Hi. Anderson Smith here.
Today, we're going to talk about Construct Validity which one is
one variable that determines whether or not your experiment is a good experiment.
But there are others that really determine the quality of an experiment.
They are reliability, whether the results that you're getting are consistent,
whether they're consistency in the findings.
And in fact, there can be two kinds of reliability.
They can be test-retest reliability, simply saying,
if I measure the behavior that I'm interested in at different points in time,
do I get the same measure?
Then there's also internal consistency, that is,
within that experiment myself,
are different things that I'm measuring,
measuring the same thing?
So, consistency.
And then, the second is validity,
which is not consistent results but accurate results.

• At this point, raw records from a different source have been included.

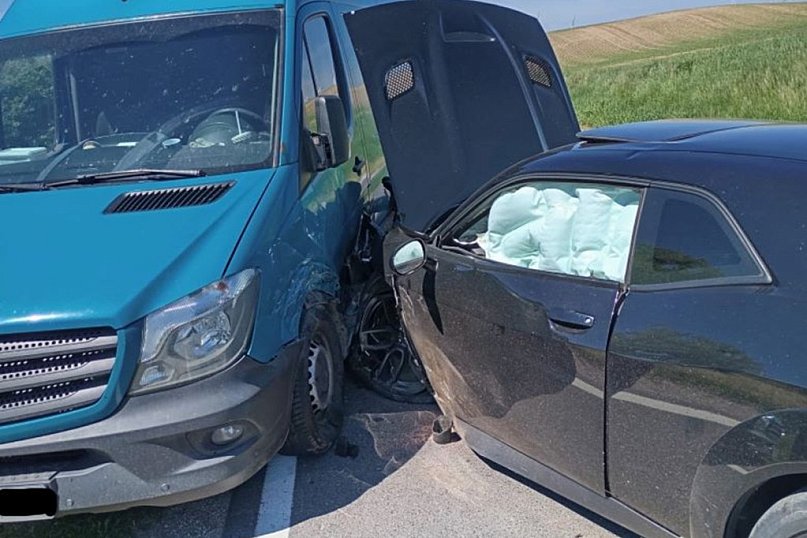 ZDERZENIE TRZECH AUT – POLICJA APELUJE O ROZSĄDEK I OSTROŻNOŚĆ NA DRODZE!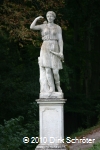 Die Skulptur der Diana am östlichen Eingang des Sieglitzer Waldparks bei Vockerode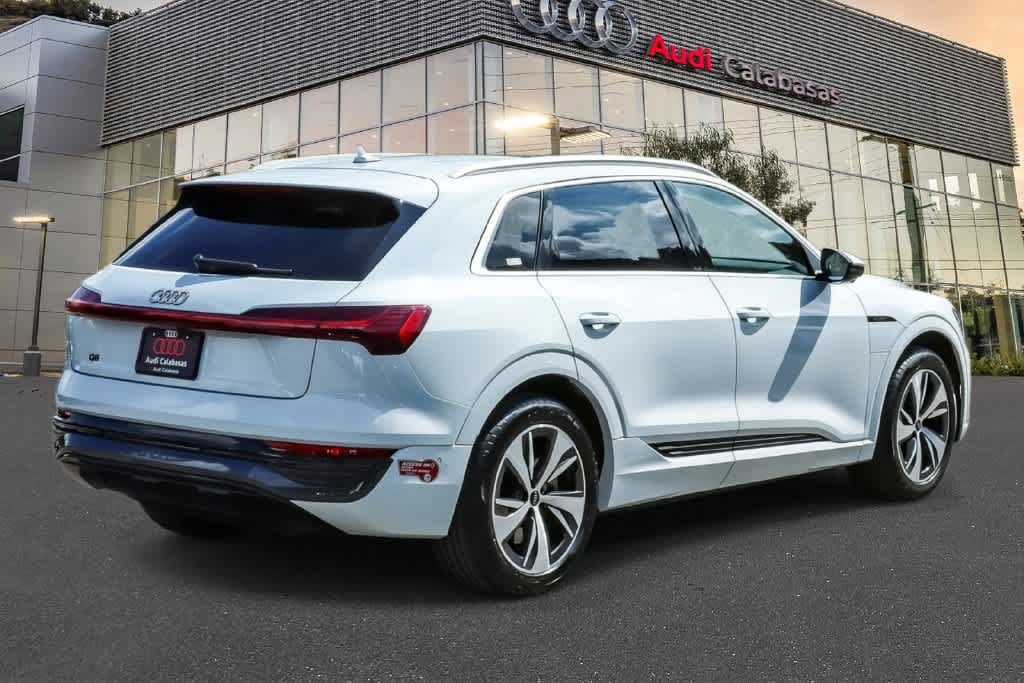 Used 2024 Audi Q8 e-tron Premium Plus w/ Premium Plus Package AWD/4WD image 6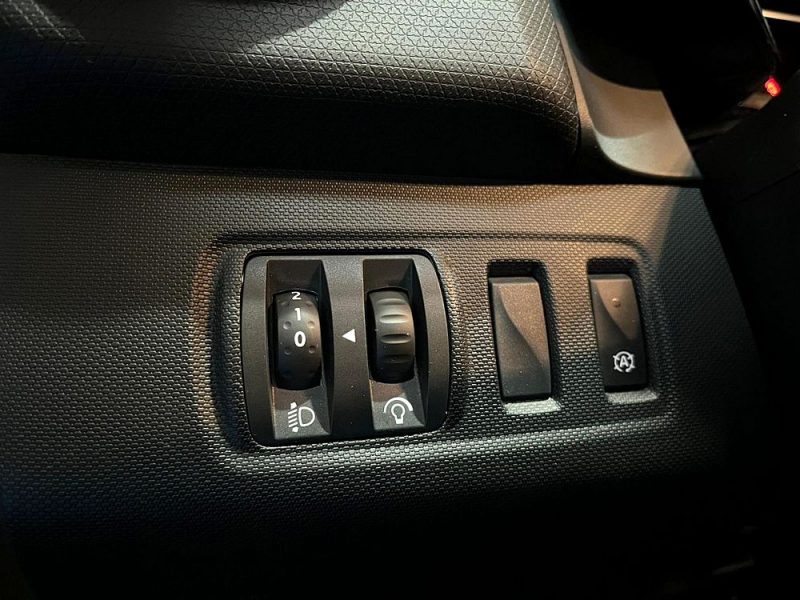 0.9 TCe 90 cv INTENS / RADRA AR / REGULATEUR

Am I measuring what I say I want to measure?
The accuracy of the measure to the construct.
So, let's first look at reliability.
First, external reliability and that sometimes just simply test-retests.
I measure the behavior I'm interested at one time and then I measure it again,
do I get the same results?
An example of that would be here where I have
the score at time one and have the score at time two.
And I see this very positive relationship
saying that I get the same results at a different points in time.
So I have tests-retest consistency or external reliability.
Then there's also internal reliability where and sometimes,
that's just a split-half measure where I take half the questions that are asked
or half the measures that I make and then compare them to
the other half of the measures within the same experiment.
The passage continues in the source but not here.